Let $$f(z)=\sum_{n=0}^\infty \frac 1 {z+n^2}\ .$$ Prove that $f$ is holomorphic in $\mathbb C \setminus \{ -n^2:n\in \mathbb N\} $, and determine the type of the singularities in $\{ -n^2:n\in \mathbb N\}$.
It is clear that the series converges pointwise in any $z \in \mathbb C$, provided that every term of the sum is defined: namely, in $\mathbb C \setminus \{ -n^2:n\in \mathbb N\} $. As $z$ approaches $-N^2$ for any $N\in \mathbb N$, $f$ can be regarded as $$f(z)=\sum_{n=0,\ n \neq N}^\infty \Bigl(\frac 1 {z+n^2}\Bigl) + \frac 1 {z+N^2} \ .$$ The sum converges, while the other term has obviously a simple pole in $-N^2$.
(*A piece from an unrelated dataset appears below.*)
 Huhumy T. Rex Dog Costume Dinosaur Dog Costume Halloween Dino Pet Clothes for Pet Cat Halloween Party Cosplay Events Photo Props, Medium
However the pointwise convergence isn't enough to prove that $f$ is holomorphic; actually, I should prove that the series converges uniformly over any compact set $A\subset \mathbb C \setminus \{ -n^2:n\in \mathbb N\} $. For $n$ large enough, $\frac 1 {|z+n^2|}$ tends to the same value for every $z\in A$; and of course for every such $z$ the series $\sum_{n=0}^\infty \frac 1 {|z+n^2|}$ converges. Clearly my intention is to use Weierstrass criterion; however I don't understand whether this is a rigorous reasoning or it is too heuristic. Thanks in advance
You have indeed the right idea: try to apply Weierstrass criterion. Let $S=\{-n^2: n\in\mathbf{N}\}$ be your singularities and $K\subseteq \mathbf{C}\setminus S$ be any compact set. We want to upper bound $1/|z-n^2|$ for $z\in K$ by a quantity independent of $z$. Note that over a compact set, the norm of $z$ cannot be too large (let's say $|z|\le M$ for all $z\in K$), and therefore:
$$|z+n^2|\ge n^2-|z|\ge n^2-M$$
Now we can apply Weierstrass criterion starting at $n$ large enough (so that $n^2\ge M$ and we don't have problems with signs): $\sum_n 1/(n^2-M)$ converges so $\sum_n 1/|z+n^2|$ converges uniformly over compact sets $K\subseteq \mathbf{C}\setminus S$. This proves the first part of your question.
For the second part, what happens at the neighborhood of $-k^2$ if you multiply $f$ by $z+k^2$?